The source has a spotty record for accuracy, yet the rumor would follow in line with Syria's apparent latest word on its week-old withdrawal pronouncement:

Ahead of a round of Arab meetings Thursday, Syria told Arab countries it insists on keeping 3,000 troops and early-warning stations inside Lebanon to maintain its security, an Arab diplomat said. But Arab leaders said the proposal is unworkable.

...The diplomat, who spoke on condition of anonymity, said Syria still wants to keep about 3,000 troops in Lebanon "for the time being" — without giving a timetable — and to keep "early monitoring stations" in eastern Lebanon. The Syrian army already operates radar stations in Dahr el-Baidar, on mountain tops bordering Syria.


Diplomacy between Damascus and Beirut's international cooperative is mid-stride to its sixth step since the murder of Rafiq Hariri.
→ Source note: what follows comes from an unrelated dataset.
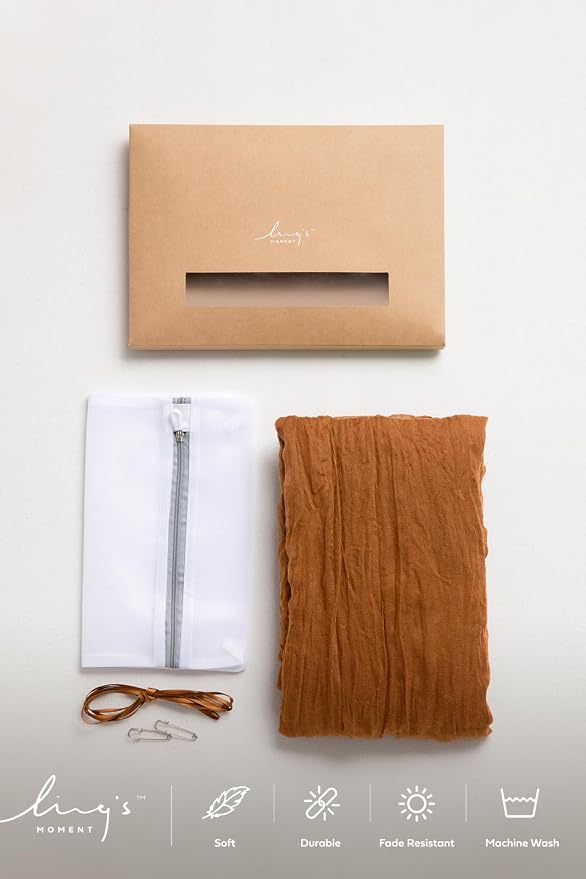 Ling's Moment Terracotta Cheesecloth Table Runner, 120 Inch, Burnt Orange | 10FT - Image 6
The Lebanese can keep neither political nor popular assembly intact with Syria in the room; withdrawal may be fatal rather than ameliorating to Damascus, caught by a Syrian revolution inspired by Lebanon; and President Bush can hardly go further in reproach. If Bashar Assad is as impetuous as thought to be, no more than three future exchanges should take place before one party moves to break from concentric circles.

DON'T COME AROUND HERE NO MORE: Saudi Arabia slapped away the tin cup, and it's unlikely that a United Nations agent dispatched to Lebanon will be the retardant to events that Damascus seeks.